# Empire Comfort Vail 26



## eschills (Jan 10, 2010)

I run a pellet stove in the lower level of my raised ranch. I have to still use my oil heat to keep upstairs as warm as I like. I am thinking about an Empire Comfort Vail 26 vent free propane fireplace for upstairs. I have propane line on the other side of the wall for my oven, so install would be very easy. Any feedback on this unit?


----------



## DAKSY (Jan 11, 2010)

eschills said:
			
		

> I run a pellet stove in the lower level of my raised ranch. I have to still use my oil heat to keep upstairs as warm as I like. I am thinking about an Empire Comfort Vail 26 vent free propane fireplace for upstairs. I have propane line on the other side of the wall for my oven, so install would be very easy. Any feedback on this unit?



If you want positive feedback on house-vented gas burning units (aka vent-free),
you probably won't get too much of it here.
They are efficient - about 99% - & that's the ONLY good thing I can say about them.
They will put a gallon of water vapor into your home, for every gallon of propane they burn.
They will burn EVERYTHING that floats in the air in your home as well.
Dust, dog hair, cat dander, aerosol sprays, You name it.

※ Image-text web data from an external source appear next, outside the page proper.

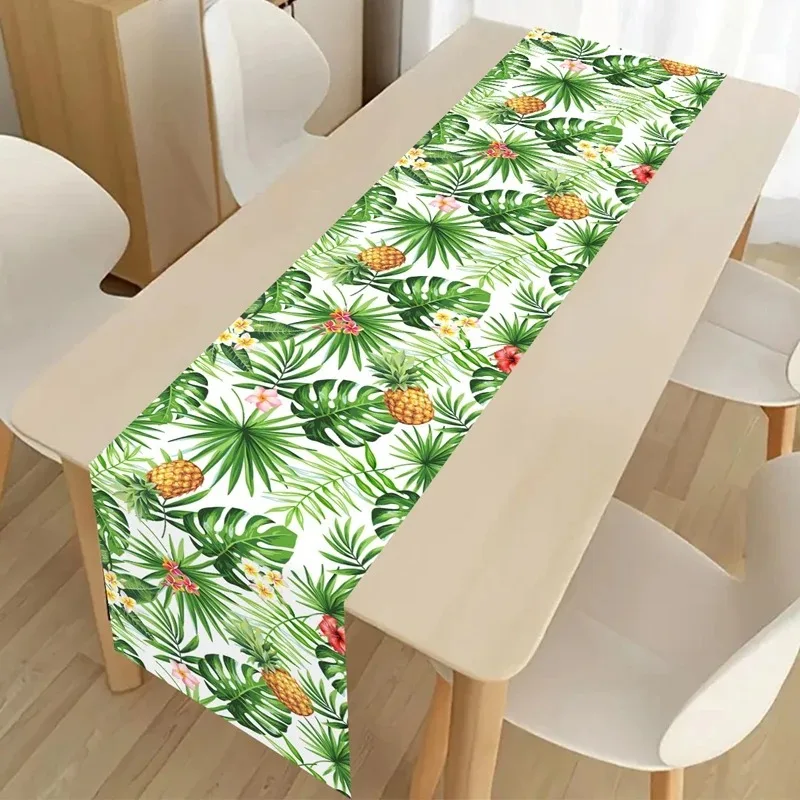 Summer Tropical Fruit Table Runner Wrinkle‑Resistant Pineapple Palm Print For Beach Themed Party Table Decoration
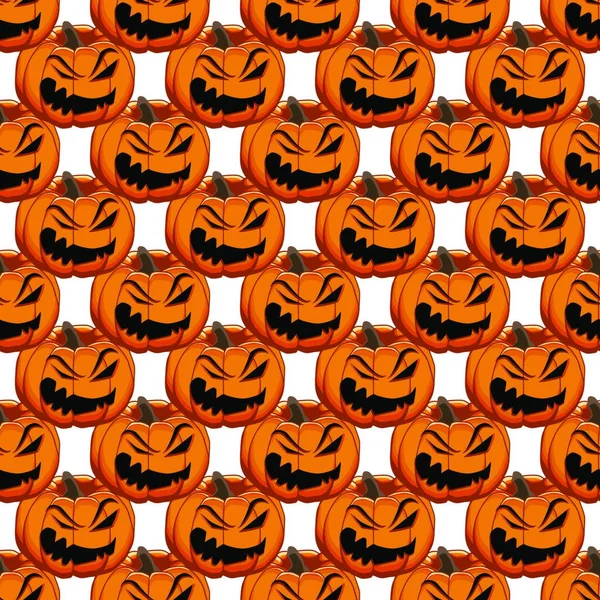 Ilustração Tema Grande Padrão Colorido Halloween Abóbora Laranja Sem Costura — Vetor de Stock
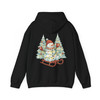 Festive Snowman Sledding Winter Wonderland Christmas Lights Hoodie S-5XL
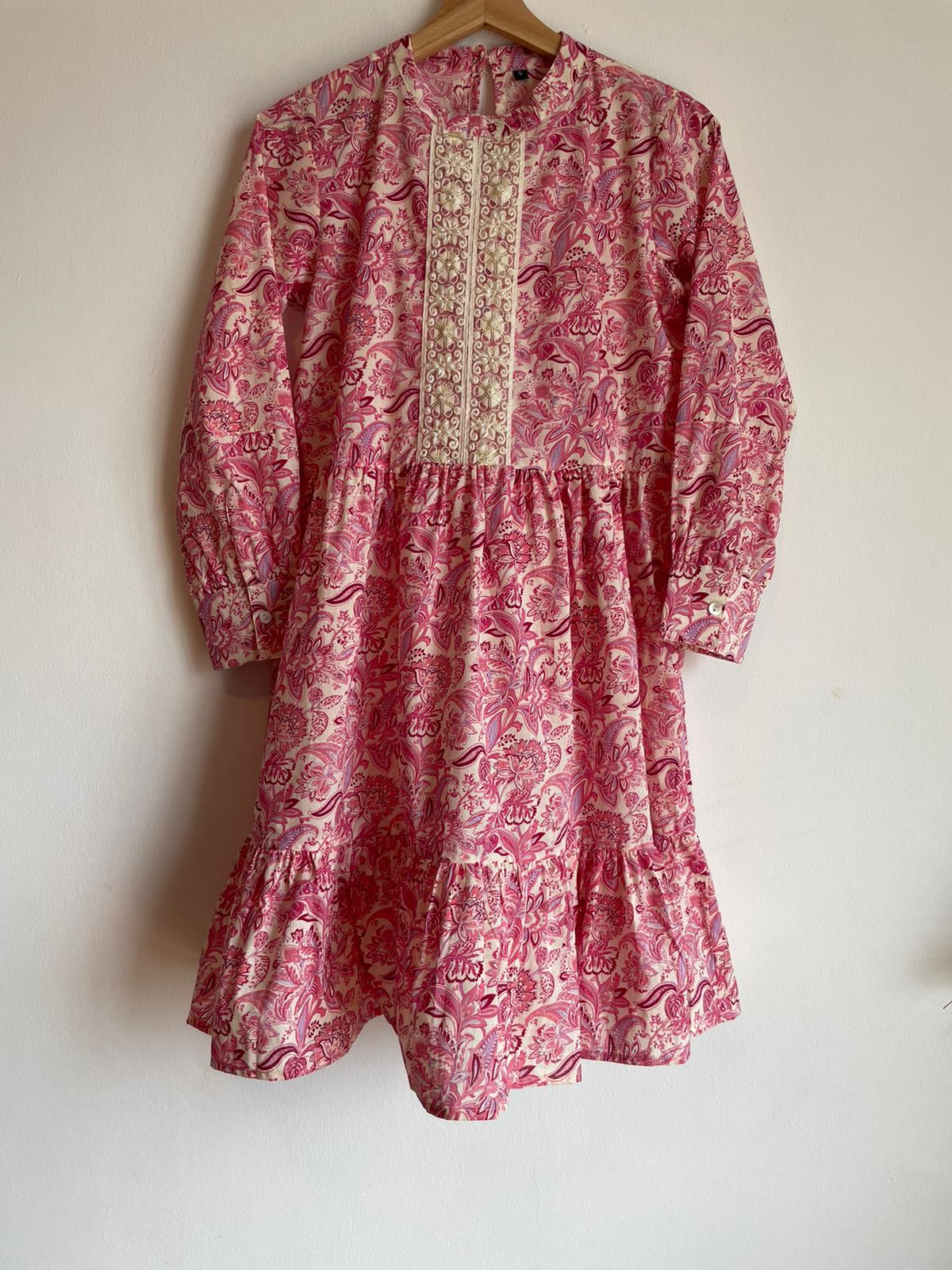 high quality handmade and affordable white and pink midi dress for women, shop now in singapore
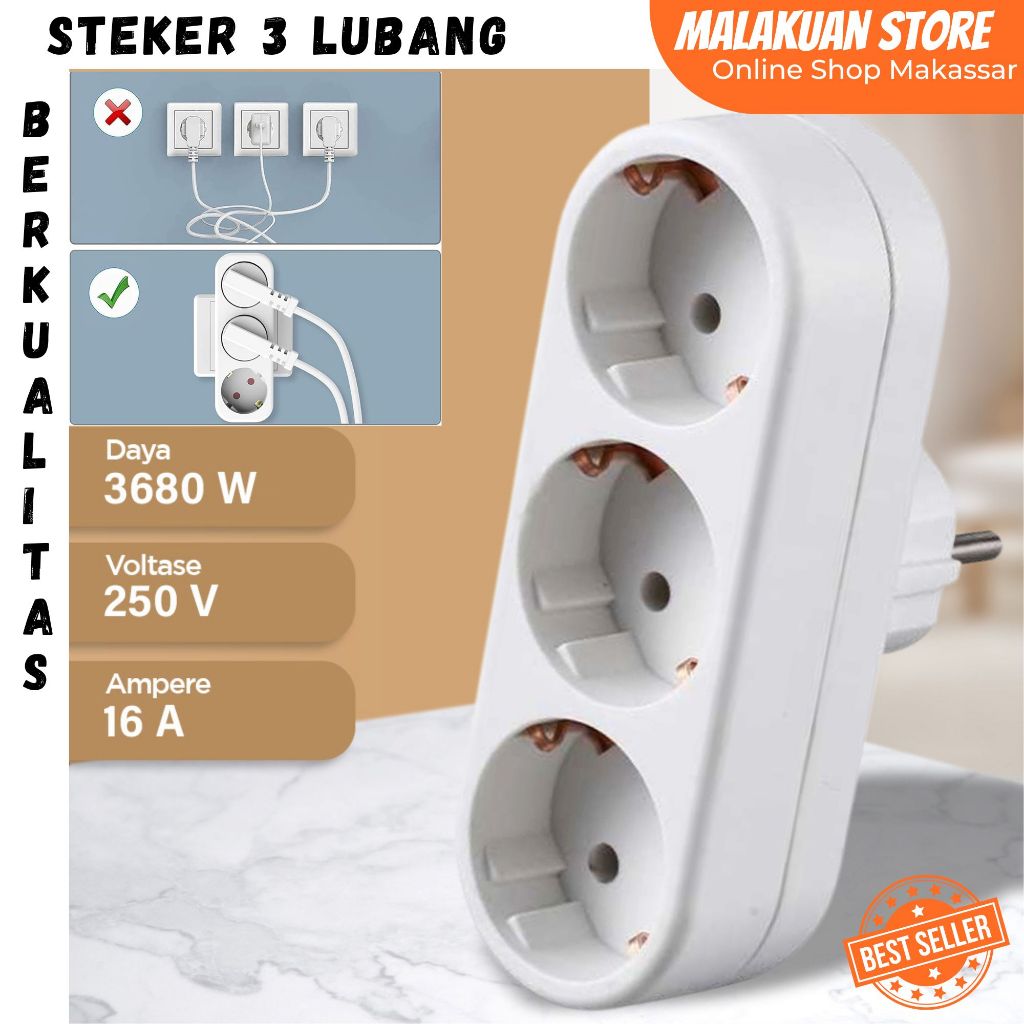 Jual Colokan 3 Lubang / Steker Listrik 3 Lubang Grounding Socket ...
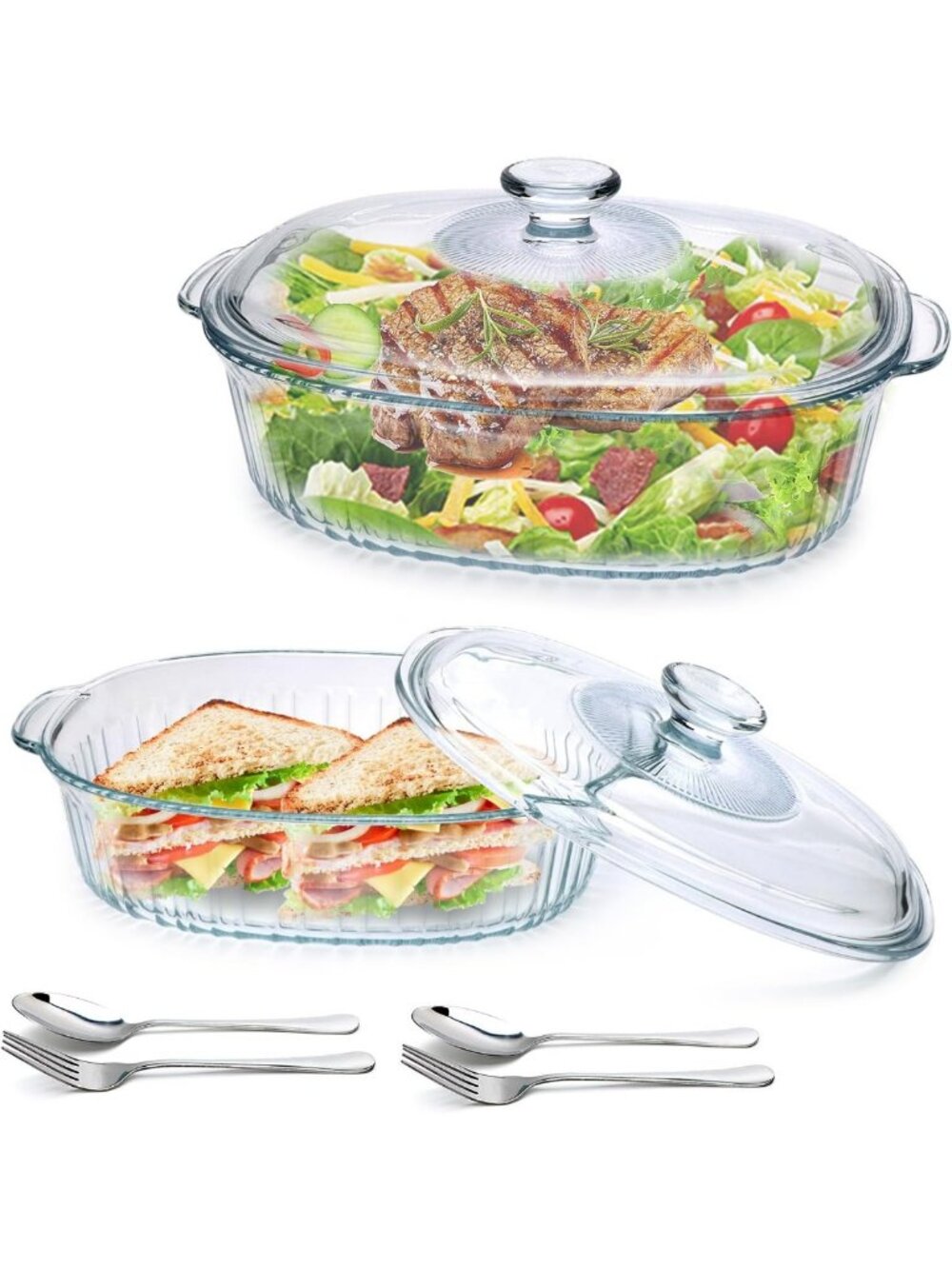 Set of 2 Glass Casserole Dishes with Lids - 1.9 Qt & 3 Qt Baking Cookware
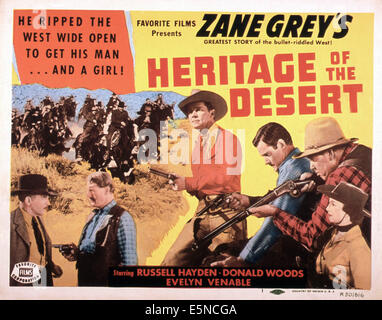 HERITAGE OF THE DESERT, from left: C. Henry gordon, Robert Barrat, Russell Hayden, Donald Woods, Sidney Toler, Evelyn Venable, Stock Photo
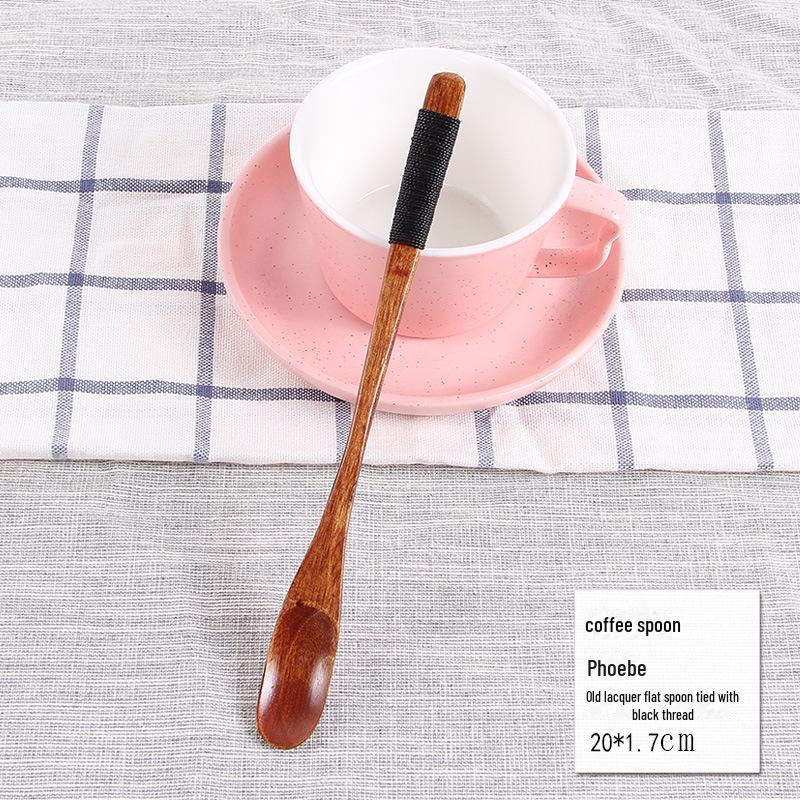 Japanese-Style Long Handle Wooden Coffee Stirring Spoon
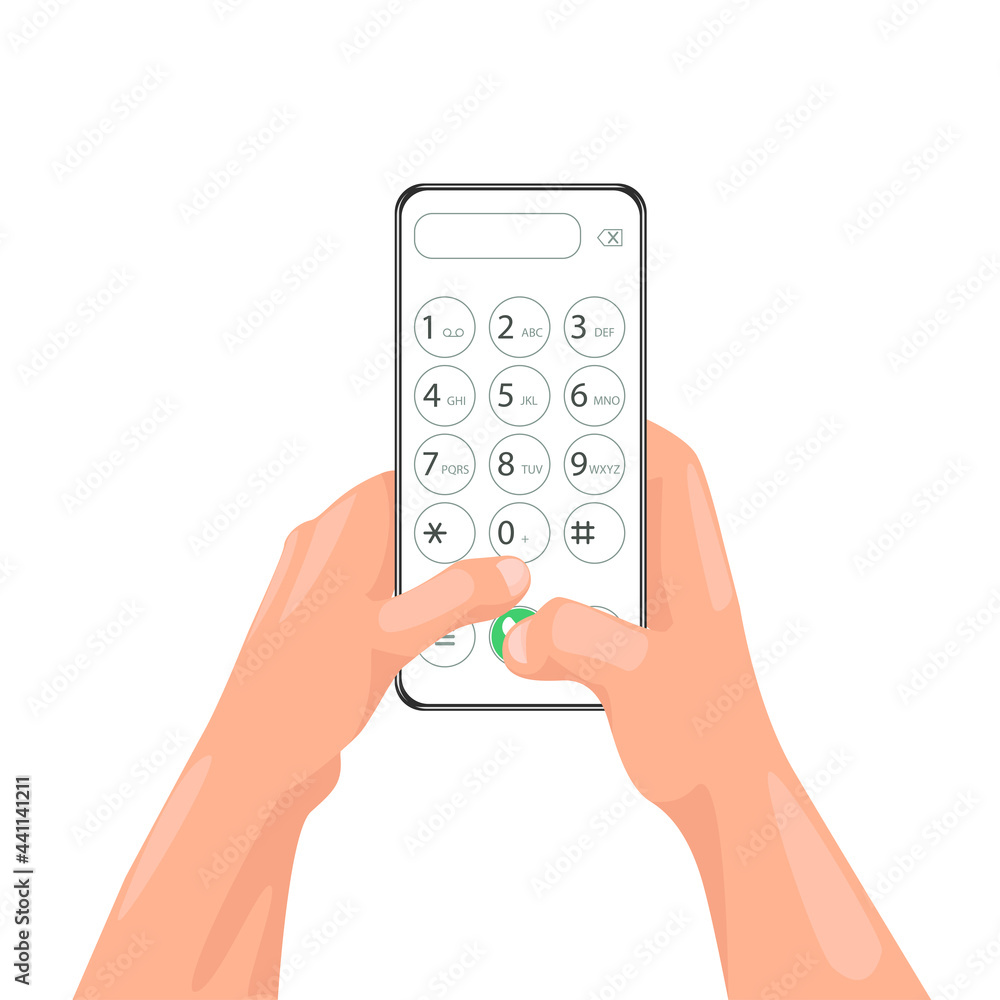 Dialing a number on a phone, calling with smartphone. Hand holding phone, gadget in hand. Dialing a number on a phone, calling with smartphone. Hand holding phone, gadget in hand.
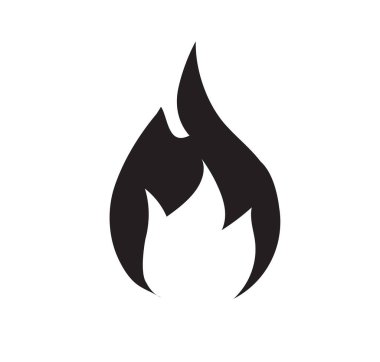 Beyaz arkaplanda ateş ikonu izole edildi. Sıcak alev enerjisi. Vektör illüstrasyonu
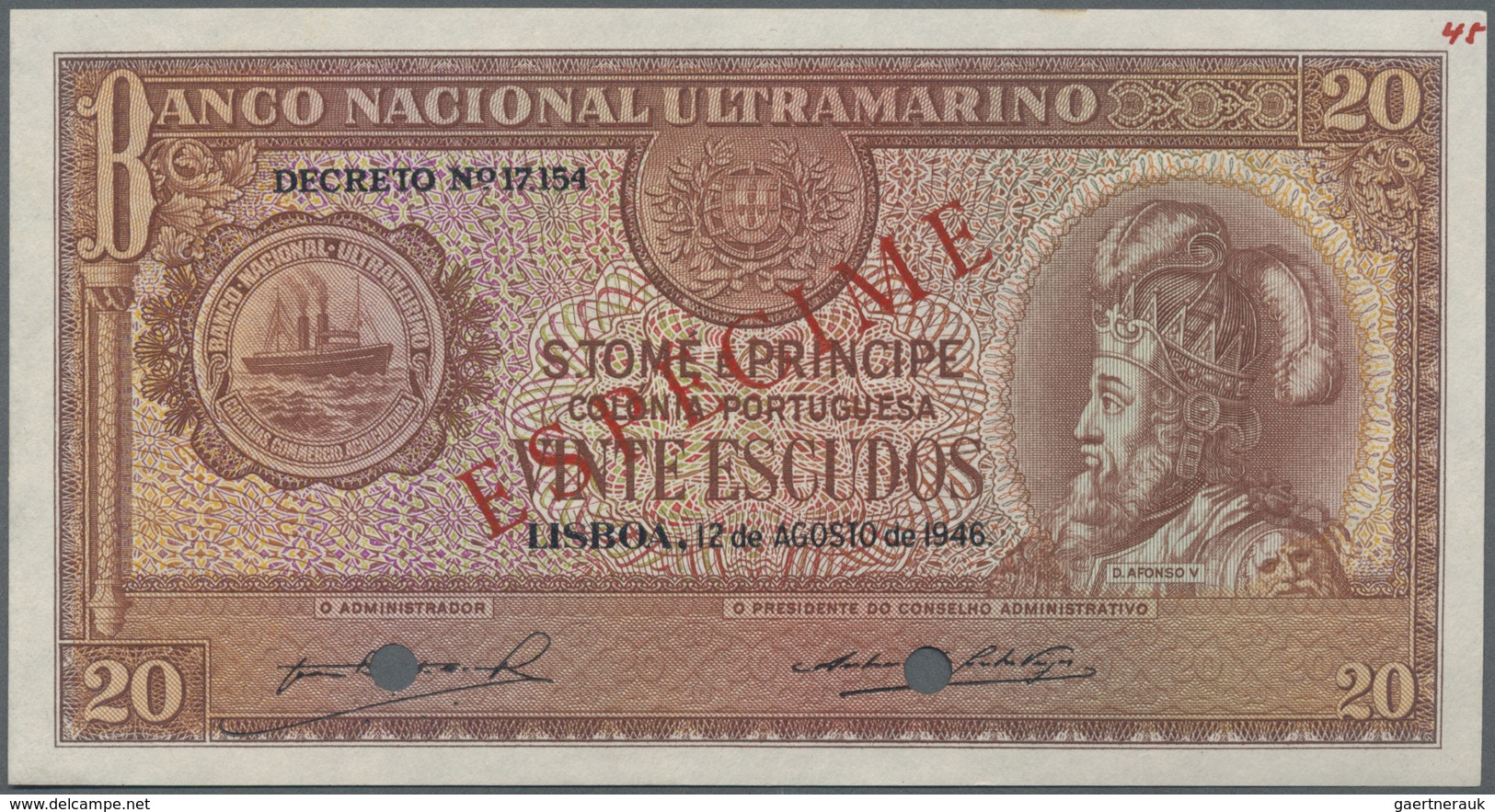 Saint Thomas & Prince / Sao Tome E Principe: 20 Escudos 1946 Specimen P. 32s, 2 Cancellation Holes, - Sao Tome And Principe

If it floats & is combustible, 
a house-vented unit WILL burn it. That's where most of the unpleasant smells that
these units give off come from.
They also put what the manufacture specifies as "an acceptable amount of carbon monoxide"
into your home.
How much do YOU consider acceptable?


----------



## jtp10181 (Jan 11, 2010)

Can't really add any to that, DAKSY pretty much summed up vent-free units.


----------